Fig. 8 shows in perspective view a carrier 19 not fully inserted into the enclosure. Wedge surface 30 of the drive carrier may be seen, along with wedge surface 26 of the guide rail. Fig. 9 shows the carrier 19 fully inserted. Guideways 51 may be seen in Figs. 8 and 9. For clarity in Figs. 8 and 9, the front bezel and camming lever of the carrier 19 are omitted from the perspective view.

Fig. 10 shows the carrier 19 fully inserted, with camming lever 21 visible. RF shield 50 may also be seen along with guideway 51.

The exemplary magnesium casting shelf allows guides for printed circuit boards (PCBs), guides for drive carriers, a backplane mounting flange, an interlock between the drive carrier and the shelf, a drive carrier cam interface 24, and plenum guides. These are all integrally formed with the shelf and provide a structurally strong yet lightweight enclosure. The reduced weight is of commercial importance, because it reduces shipping costs and makes the product more attractive to a customer. The cast metal helps in damping vibration among the disk drives contained within the enclosure. Magnesium as a bulk material offers better thermal conductivity than plastic or steel, which may help with heat dissipation from the disk drives and cooling' of the disk drives and power supplies. It offers EMI shielding and has better structural properties .

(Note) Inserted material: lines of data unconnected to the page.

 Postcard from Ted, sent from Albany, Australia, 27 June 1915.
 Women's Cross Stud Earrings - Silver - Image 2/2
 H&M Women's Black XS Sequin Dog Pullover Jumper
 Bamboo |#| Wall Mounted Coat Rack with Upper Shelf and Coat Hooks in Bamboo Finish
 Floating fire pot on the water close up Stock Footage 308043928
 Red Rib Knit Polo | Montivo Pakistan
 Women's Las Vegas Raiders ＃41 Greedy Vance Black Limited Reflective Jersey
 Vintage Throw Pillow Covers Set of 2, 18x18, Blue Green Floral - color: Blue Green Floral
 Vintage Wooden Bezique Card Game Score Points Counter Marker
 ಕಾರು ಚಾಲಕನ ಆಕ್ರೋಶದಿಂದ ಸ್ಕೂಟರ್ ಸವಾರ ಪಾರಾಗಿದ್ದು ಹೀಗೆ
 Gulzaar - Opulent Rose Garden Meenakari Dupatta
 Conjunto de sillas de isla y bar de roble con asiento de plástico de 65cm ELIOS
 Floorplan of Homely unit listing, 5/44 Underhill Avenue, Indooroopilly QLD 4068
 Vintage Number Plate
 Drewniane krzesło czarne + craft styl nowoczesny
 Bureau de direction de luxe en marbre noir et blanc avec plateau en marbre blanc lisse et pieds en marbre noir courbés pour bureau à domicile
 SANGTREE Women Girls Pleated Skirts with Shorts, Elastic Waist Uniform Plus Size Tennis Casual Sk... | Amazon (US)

Those skilled in the art will have no difficulty devising myriad obvious improvements and variations, all of which are intended to fall within the scope of the invention as defined by the claims that follow.

Claims

Claims

1. A shelf enclosure for a network data storage system, the enclosure comprising:

first and second metal castings, said first and second castings substantially identical to each other;

each of said first and second castings shaped generally concave on a side;

said first and second castings positioned with said respective concave sides facing each other;

said positioned first and second castings attached to each other;

said concave side of said first casting further characterized in having at least three guide channels integrally formed therein;

said concave side of said second casting further characterized in having at least three guide channels integrally formed therein;

said guide channels of said first casting and said guide channels of said second casting aligned with each other and opposed to each other;

said enclosure further comprising an air plenum disposed between said first and second castings.

2. The enclosure of claim 1 wherein said metal castings are AZ91D.

3. The enclosure of claim 1 further comprising interlock features defining wedges in rails between the guide channels.

4. A method of manufacture of a shelf enclosure system, the method comprising: fabricating two substantially identical metal castings, each casting having a concave face and having a plurality of rails formed in the concave face thereof,

juxtaposing said castings with their respective concave faces juxtaposed, such that the rails of each half are lined up with the rails of the other half;

fastening the castings to each other.